BlackRock was named asset manager of the year by AsianInvestor at last night's gala dinner for the industry, held at the Conrad Hotel in Hong Kong.
The past year has differentiated those with a true culture of risk management from the rest of the field. Indeed, sound risk management defined the handful of investment managers capable of protecting their clients from the worst effects of the downside and find alpha opportunities.
BlackRock is not only a money manager, but a provider of risk management and enterprise investment services, which have been at the heart of its own investment strategies since the firm was created in 1988. Last year it established a financial market advisory group for holders of distressed assets, to allow them to evaluate, hedge, manage and restructure their portfolios.

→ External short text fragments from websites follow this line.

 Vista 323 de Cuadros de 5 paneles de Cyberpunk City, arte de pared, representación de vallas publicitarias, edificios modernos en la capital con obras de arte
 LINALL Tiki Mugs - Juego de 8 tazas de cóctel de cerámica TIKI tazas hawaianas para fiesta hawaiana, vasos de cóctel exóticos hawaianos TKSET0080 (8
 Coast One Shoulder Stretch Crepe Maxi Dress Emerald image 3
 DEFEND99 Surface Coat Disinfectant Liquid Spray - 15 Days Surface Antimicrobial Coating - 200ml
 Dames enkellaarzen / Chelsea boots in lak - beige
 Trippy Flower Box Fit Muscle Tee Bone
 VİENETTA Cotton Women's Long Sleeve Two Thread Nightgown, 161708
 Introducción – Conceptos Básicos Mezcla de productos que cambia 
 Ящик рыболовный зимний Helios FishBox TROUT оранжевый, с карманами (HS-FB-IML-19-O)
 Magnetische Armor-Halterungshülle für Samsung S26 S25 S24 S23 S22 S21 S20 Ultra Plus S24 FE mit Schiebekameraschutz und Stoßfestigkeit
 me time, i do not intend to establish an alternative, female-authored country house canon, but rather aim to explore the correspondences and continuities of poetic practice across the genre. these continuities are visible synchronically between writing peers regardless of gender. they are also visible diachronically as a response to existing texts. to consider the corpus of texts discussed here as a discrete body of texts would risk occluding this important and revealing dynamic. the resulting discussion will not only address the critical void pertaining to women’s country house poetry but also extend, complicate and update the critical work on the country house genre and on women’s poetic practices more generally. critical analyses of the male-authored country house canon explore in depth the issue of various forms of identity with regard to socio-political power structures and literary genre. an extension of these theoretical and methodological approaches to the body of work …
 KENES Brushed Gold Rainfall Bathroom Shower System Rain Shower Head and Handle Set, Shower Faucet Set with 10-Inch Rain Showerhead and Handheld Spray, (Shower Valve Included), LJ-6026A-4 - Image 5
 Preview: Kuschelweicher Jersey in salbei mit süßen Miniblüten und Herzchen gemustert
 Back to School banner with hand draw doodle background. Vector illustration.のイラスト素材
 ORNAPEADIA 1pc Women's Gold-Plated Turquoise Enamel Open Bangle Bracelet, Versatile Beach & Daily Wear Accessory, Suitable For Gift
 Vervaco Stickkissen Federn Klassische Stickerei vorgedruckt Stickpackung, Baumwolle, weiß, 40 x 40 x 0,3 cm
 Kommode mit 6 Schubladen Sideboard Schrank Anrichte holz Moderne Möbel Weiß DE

The firm has been active in partnering with clients to address the complex problems raised by the financial crisis. These include: managing and advising special purpose facilities for the Federal Reserve Bank of New York; managing and structuring $22 billion notional of mortgage-backed securities from UBS Securities on behalf of institutional investors; providing valuation advice to Mitsubishi UFJ Financial Group regarding a $9 billion equity investment in Morgan Stanley; and performing valuation and loss projections for over $3 trillion in distressed mortgage and structured financial portfolios on behalf of private and public institutions globally.
In short, BlackRock has been at the heart of the global financial crisis, neither as a cause nor a victim, but as a firm with the cutting-edge expertise and management to help investors survive and thrive.
Korea's National Pension Service, the fifth largest pension fund in the world, was named institutional investor of the year. NPS president and CEO Park Hae-choon flew to Hong Kong to accept the award on behalf of the organisation.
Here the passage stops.